At this point, God already mentions that on the sixth day there will be a double
portion. Immediately afterwards Moshe and Aharon speak to the people, and, for
the first time and without apparent command from God, tell them that
in the evening, you
will know that God has taken you out of Egypt; and in the morning, you will see
the glory of God, when He hears your complaint against God, but who are we, that
you should complain against us (7,8).
Moshe then makes
explicit the meaning of "evening and morning," telling them,
when God gives you
meat in the evening and bread in the morning in satiation, when God shall hear
your complaints which you complain against Him, but who are we; your complaints
are not against us but against God (8).
Only after Aharon
gathers the people do we find God saying to Moshe:
Say to them, you
shall eat meat towards evening and in the morning be satiated with bread, and
you shall know that I am HaShem your God" (12).
What is happening here? Apparently, there are two different issues. One
is the faith issue I described above. God's answer to that is the manna, with
Shabbat emphasized. But Moshe and Aharon have seized on another issue. The Jews,
in their complaint, have complained to Moshe and Aharon and placed the
responsibility for their plight squarely on their shoulders. "Would that we had
died by the HAND OF GOD in the land of Egypt... for YOU have taken us out to
this desert, to kill all this congregation by hunger" (3). Moshe perceives a
basic error of religious knowledge here. The Jews fail to see the guiding hand
of God in the exodus and in the path in the desert. Moshe therefore speaks to
the people and admonishes them, telling them that their complaint is not against
him and Aharon, but against God. Moshe emphasizes that when they see the
miracles of the quail and the manna, they will "know that God has taken you out
of Egypt" (6). It appears to me that the manna is the basic answer to the slave
mentality of the Jews, which is not so much a sin as a condition. God does not
give the manna as a punishment or a rebuke, but as a gift. The quail, on the
other hand, although food, carries within it a rebuke, similar to what happens
in Parashat Behaalotekha, when the Jews rebel against the regimen of the manna
and God bombards them with quail (Bamidbar 11). The purpose of the quail is
directly to correct the theological transgression and to show them that God is
in charge of their destiny. Precisely because the quail is a natural solution
(though miraculous in its appearance in this place and time), it demonstrates
God's mastery over NATURE, and therefore His responsibility for their fate. The
manna, on the other hand, shows that those who are God's servants are completely
out of the bounds of nature and are fed directly from "His
table."
How could Moshe and Aharon have promised the quail if God did not first
tell them? The answer presumably is that God DID tell them, since it is
inconceivable that they made it up on their own. Nonetheless, the Torah gives
the impression that God is initially only concerned with the manna and its
message of dependence on God, whereas Moshe and Aharon are interested in the
problem which concerns them directly, the misplaced "blame" and responsibility
which the Jews place on their shoulders.
This difference between the message of the quail and the message of the
manna is hinted at even in the language with which Moshe introduces the double
miracle.
Moshe and Aharon said
to all the Israelites: Evening, and you shall know that God has taken you out of
Egypt.
And morning, and you
shall see the glory of God, when He hears your complaints against God....
(6-7)
As Rashi points out (quoting the Sages), the first verse contains a note
of displeasure, especially when compared to the second. The evening is directed
only to correcting their theological error. The morning, by contrast, contains
an element of religious excitement and uplifting - you shall witness the glory
of God! The Sages state that the evening is "not with a shining face" and the
morning is with "a shining face." Their complaint in terms of food is met
graciously by God in the morning. The evening is not an answer to their
complaint, but only a lesson in who is in charge.

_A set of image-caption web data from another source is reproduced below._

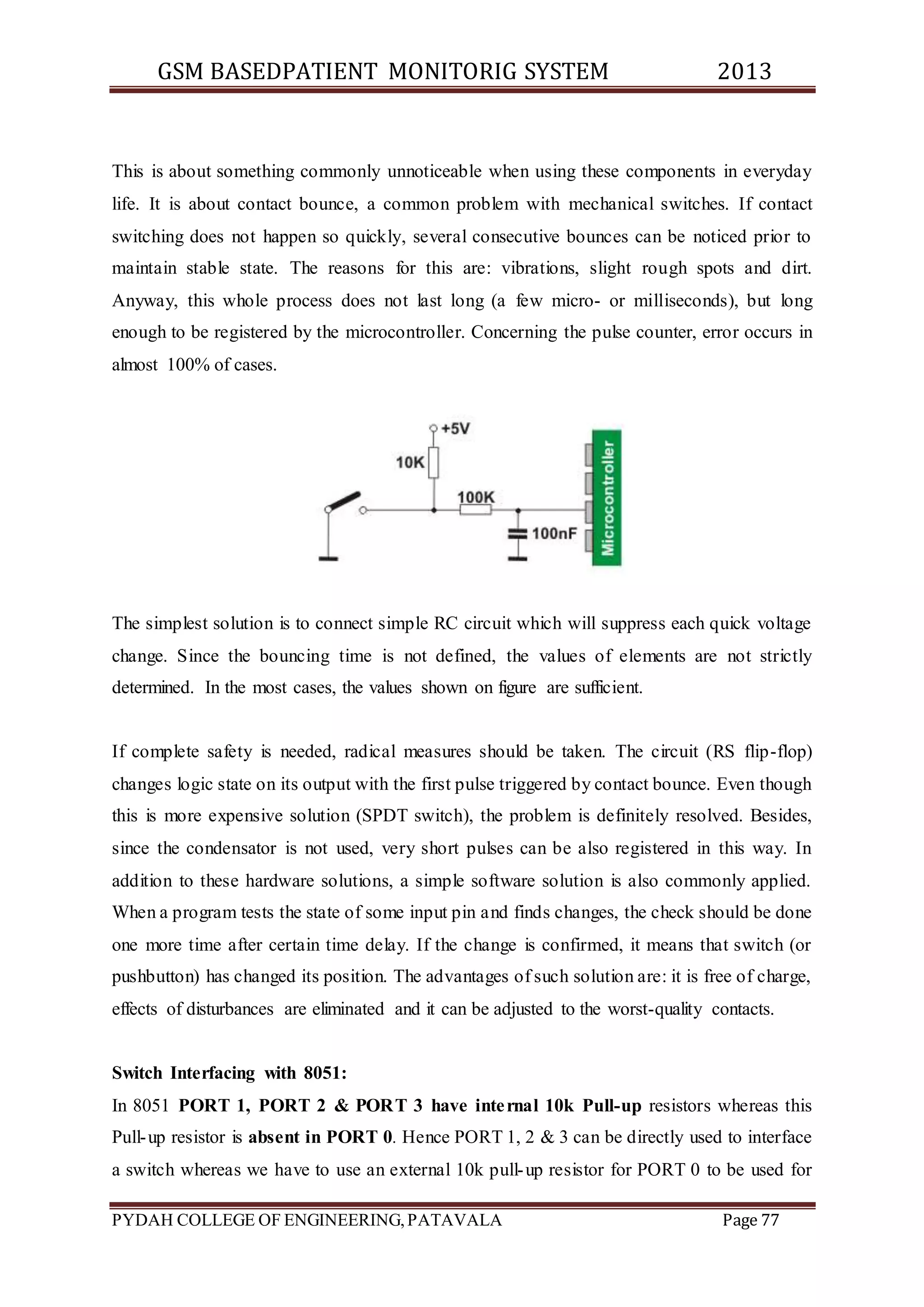 GSM BASEDPATIENT MONITORIG SYSTEM 2013 
This is about something commonly unnoticeable when using these components in everyday 
life. It is about contact bounce, a common problem with mechanical switches. If contact 
switching does not happen so quickly, several consecutive bounces can be noticed prior to 
maintain stable state. The reasons for this are: vibrations, slight rough spots and dirt. 
Anyway, this whole process does not last long (a few micro- or milliseconds), but long 
enough to be registered by the microcontroller. Concerning the pulse counter, error occurs in 
almost 100% of cases. 
The simplest solution is to connect simple RC circuit which will suppress each quick voltage 
change. Since the bouncing time is not defined, the values of elements are not strictly 
determined. In the most cases, the values shown on figure are sufficient. 
If complete safety is needed, radical measures should be taken. The circuit (RS flip-flop) 
changes logic state on its output with the first pulse triggered by contact bounce. Even though 
this is more expensive solution (SPDT switch), the problem is definitely resolved. Besides, 
since the condensator is not used, very short pulses can be also registered in this way. In 
addition to these hardware solutions, a simple software solution is also commonly applied. 
When a program tests the state of some input pin and finds changes, the check should be done 
one more time after certain time delay. If the change is confirmed, it means that switch (or 
pushbutton) has changed its position. The advantages of such solution are: it is free of charge, 
effects of disturbances are eliminated and it can be adjusted to the worst-quality contacts. 
Switch Interfacing with 8051: 
In 8051 PORT 1, PORT 2 & PORT 3 have inte rnal 10k Pull-up resistors whereas this 
Pull-up resistor is absent in PORT 0. Hence PORT 1, 2 & 3 can be directly used to interface 
a switch whereas we have to use an external 10k pull-up resistor for PORT 0 to be used for 
PYDAH COLLEGE OF ENGINEERING, PATAVALA Page 77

Since there is a difference between God's main concern and Moshe's, the
conversations between them and between them and the people become rather
convoluted. First God speaks to Moshe about the manna (and Shabbat), then Moshe
and Aharon speak to the people, stressing the proper address for their
complaints, then, after they bring the people to the proper address, gathering
them to hear the word of God, God appears and adopts their double plan. Once,
however, the morning dawns and the Jews experience the manna, the primacy of
God's plan is manifest, as the rest of the parasha deals exclusively with the
manna and its ramifications.
I think there are two reasons for the primacy of the manna issue over the
quail issue. The first is that it is genuinely more central, pointing, as it
does, to the main purpose of the exodus - to turn the nation of slaves into the
servants of God. At least in the immediate future, this is crucial, as it is a
precondition for receiving the Torah. The recognition of God's leadership of
Jewish destiny can wait - perhaps until they are about to enter the Land of
Israel and begin political life.
The second reason, which admittedly at least partially contradicts the
first, is that the message of the quail was not absorbed in the short run. The
Jews continued to turn to Moshe as the source of their problems and to accuse
him of responsibility for what happens on the way through the desert. In the
case of the golden calf, this is especially evident -
The people saw that
Moshe was tardy in descending from the mountain, and they gathered on Aharon and
said to him: Arise and make us a god, for this man Moshe, WHO TOOK US OUT OF
EGYPT, we do not know what has happened to him. (32,1)
... he made it into a
molten calf, and they said: THIS IS YOUR GOD ISRAEL, WHO TOOK YOU OUT OF THE
LAND OF EGYPT. (32,4)
This perception of Moshe as the actual leader and decision-maker in the
desert continues to be expressed throughout the events in the desert, throughout
the complaints of Sefer Bamidbar, until the original generation has disappeared.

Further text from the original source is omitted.